## Task details
Starting at the line that contains "holiday_lakes_fall_from_above", transcribe every remaining line of the data below exactly, and omit all pictures.

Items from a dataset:
-- -- --
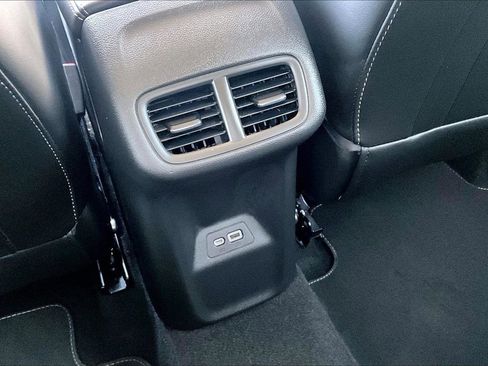 Used 2023 Buick Envision Essence image 12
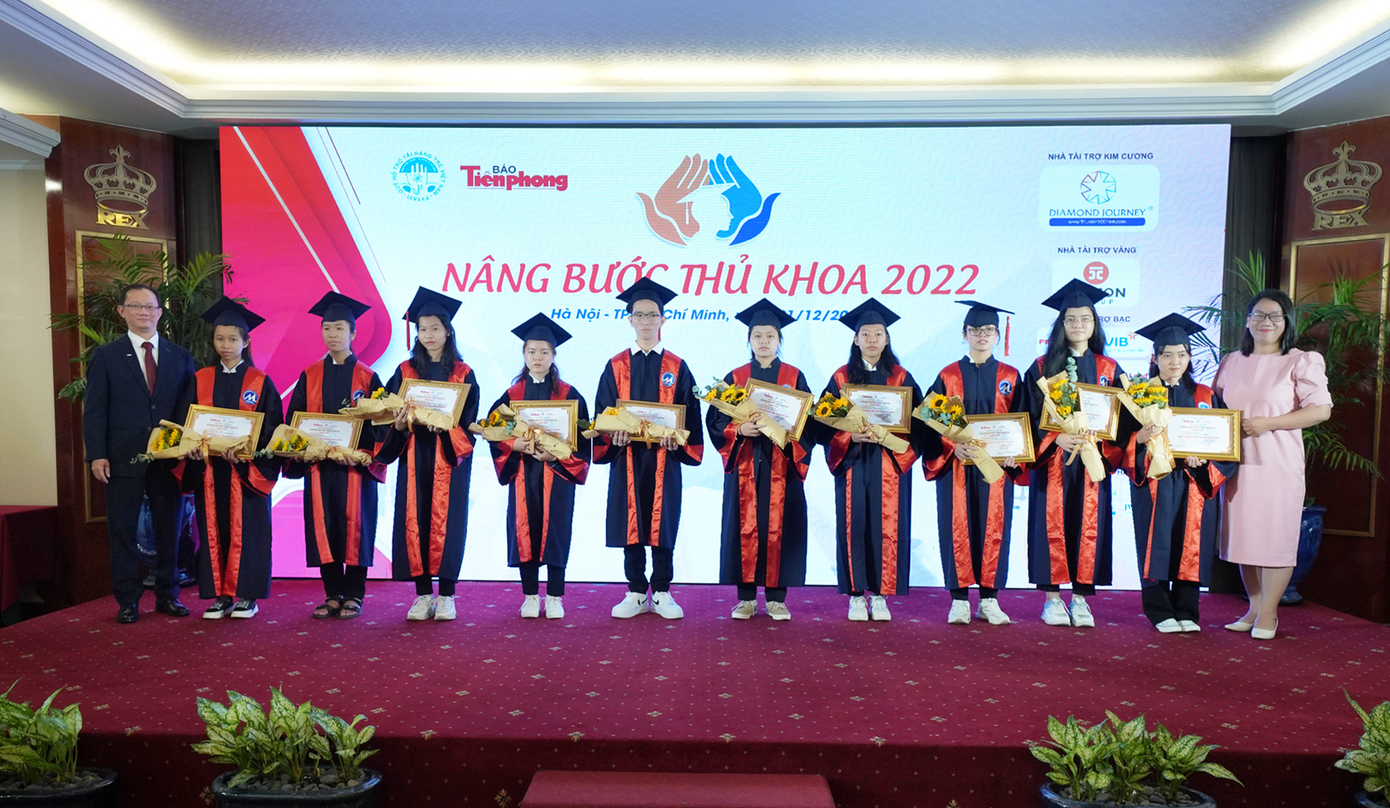 Ông Joseph Low, Chủ tịch Keppel Land Việt Nam (đầu tiên, bên trái) trao học bổng cho các sinh viên tại chương trình Nâng Bước Thủ Khoa Ông Joseph Low, Chủ tịch Keppel Land Việt Nam (đầu tiên, bên trái) trao học bổng cho các sinh viên tại chương trình Nâng Bước Thủ Khoa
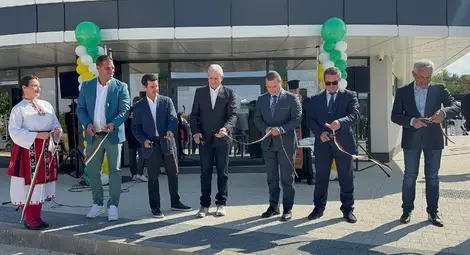 Кметът Пенчо Милков и ръководството на „Мегатрон“ откриха модерния комплекс на компанията в Мартен Кметът Пенчо Милков и ръководството на „Мегатрон“ откриха модерния комплекс на компанията в Мартен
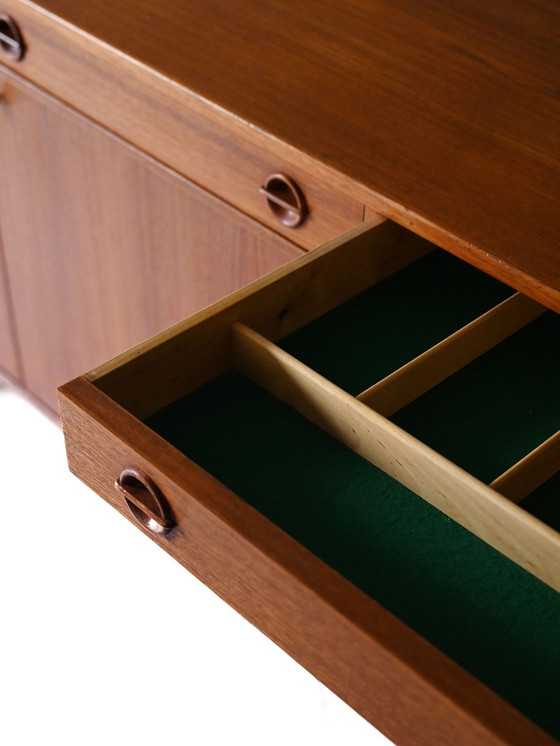 Image 1 of Buffet scandinave avec portes battantes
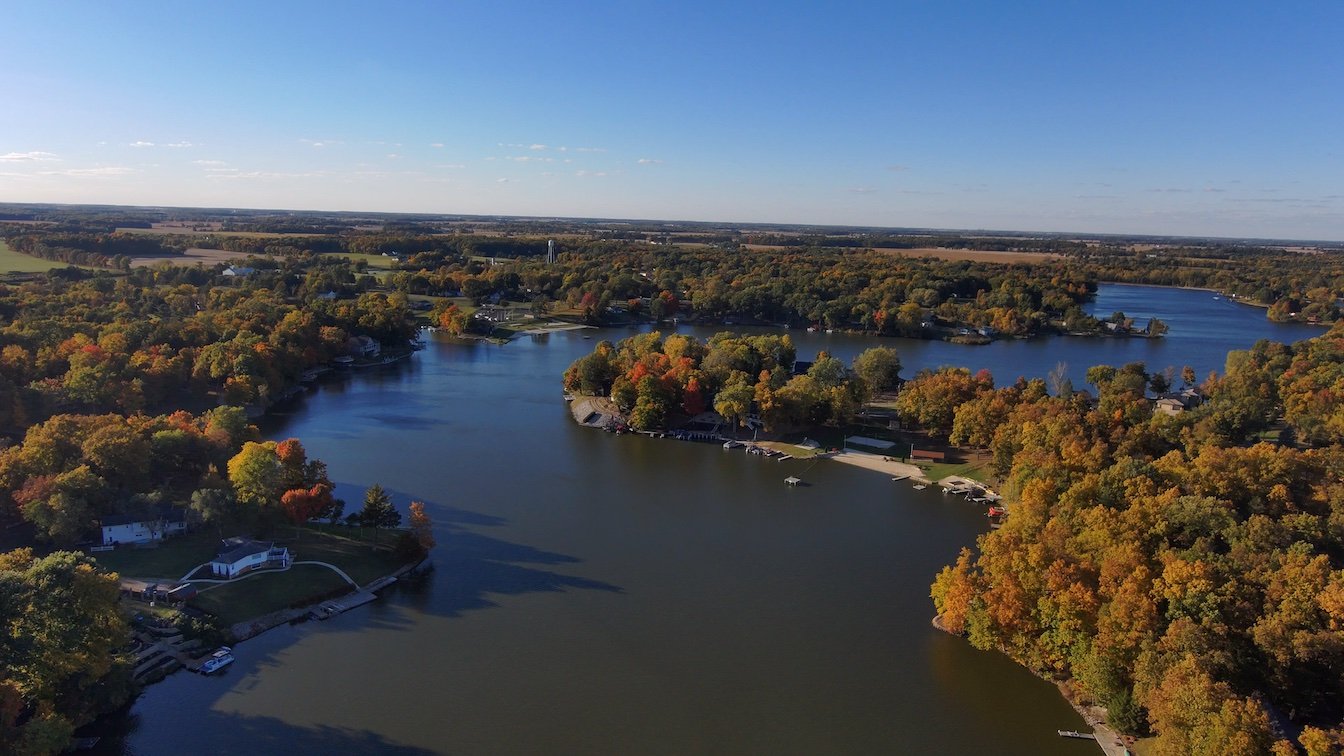holiday_lakes_fall_from_above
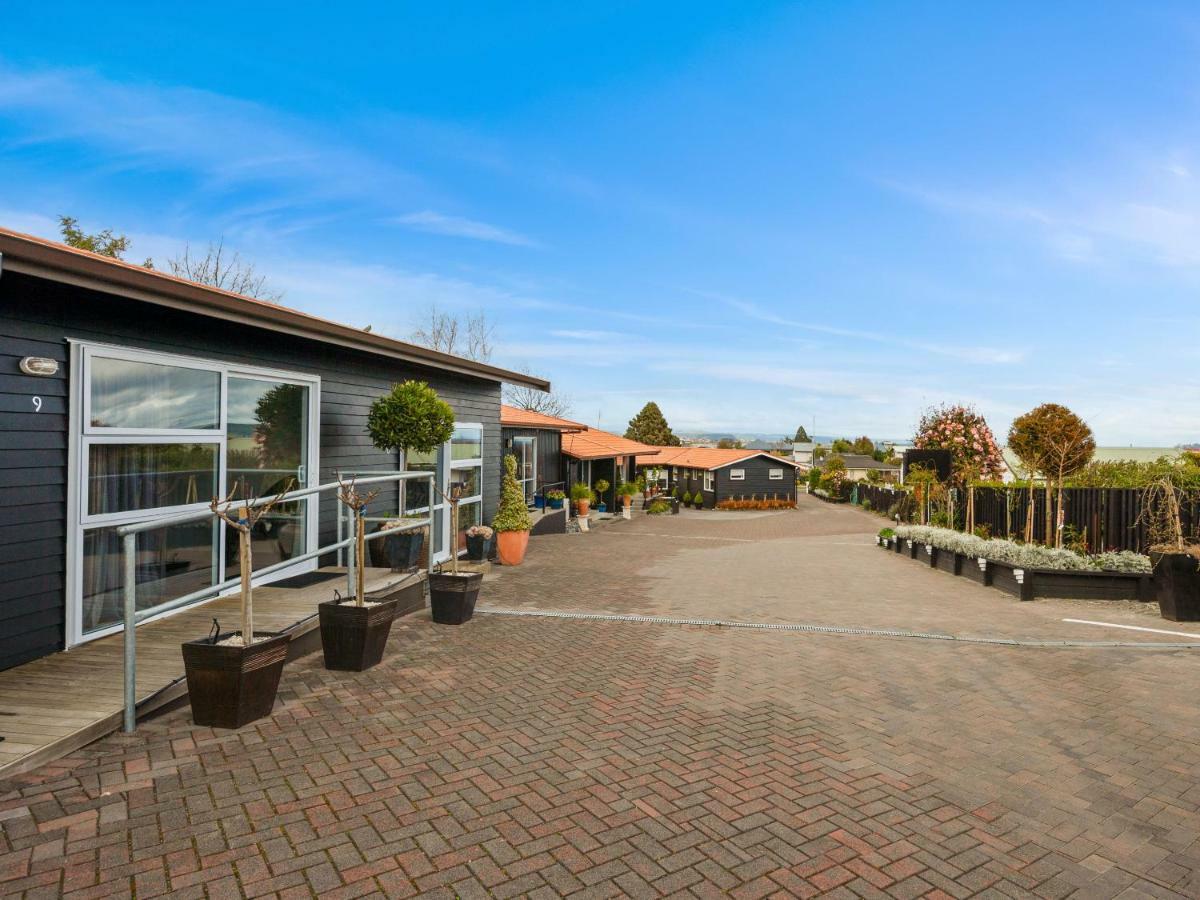 Dunrovin Motel Taupo Exterior photo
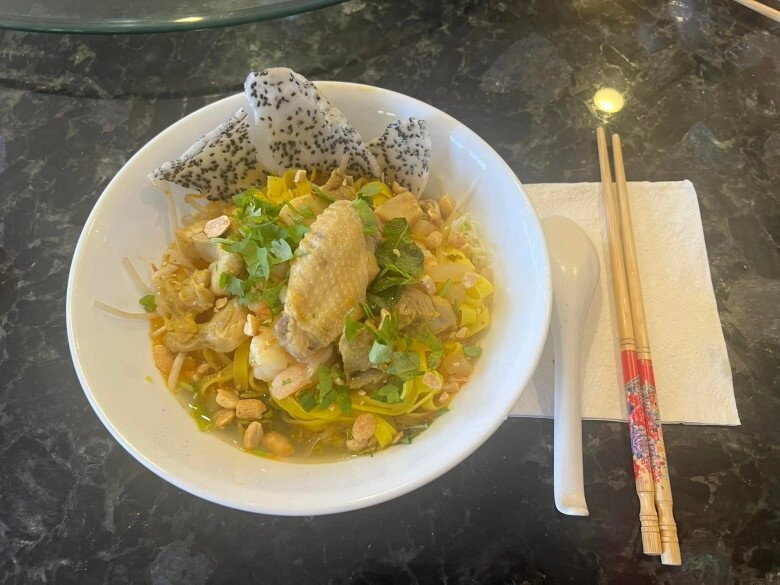 Không chỉ được mẹ chồng tặng biệt thự 46 tỷ nsưt ngọc huyền còn được bố chồng cưng chiều nấu ăn cho - 6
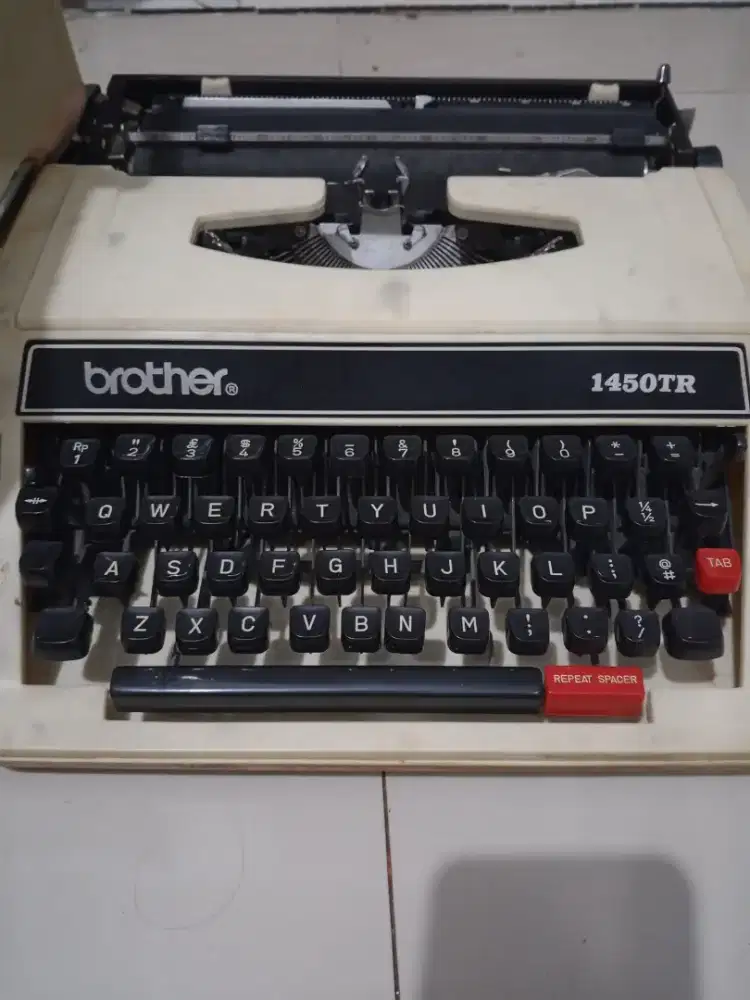 Jual mesin tik manual langka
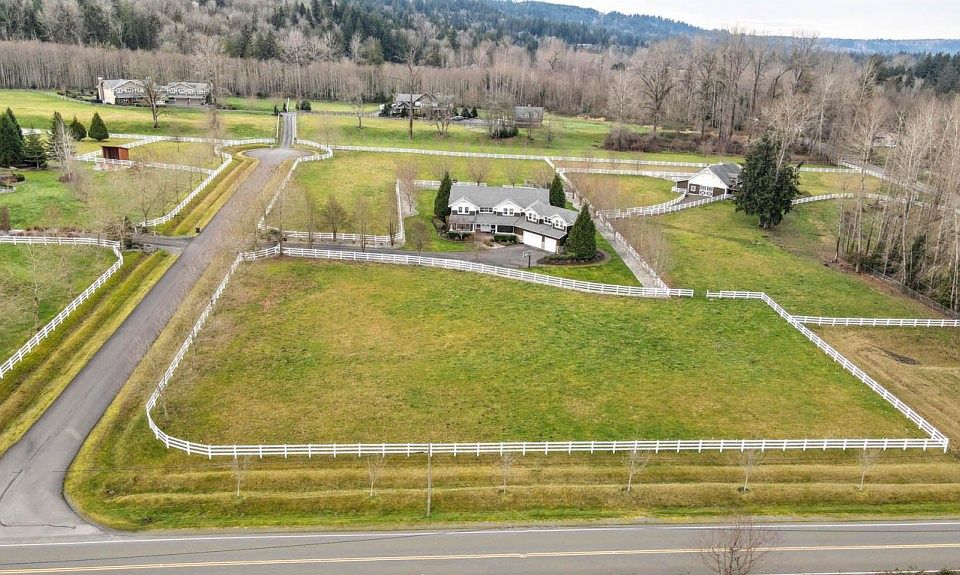 1st image of 32750 SE 46th Ln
-- -- --
## Solution to this exercise
holiday_lakes_fall_from_above
 Dunrovin Motel Taupo Exterior photo
 Không chỉ được mẹ chồng tặng biệt thự 46 tỷ nsưt ngọc huyền còn được bố chồng cưng chiều nấu ăn cho - 6
 Jual mesin tik manual langka
 1st image of 32750 SE 46th Ln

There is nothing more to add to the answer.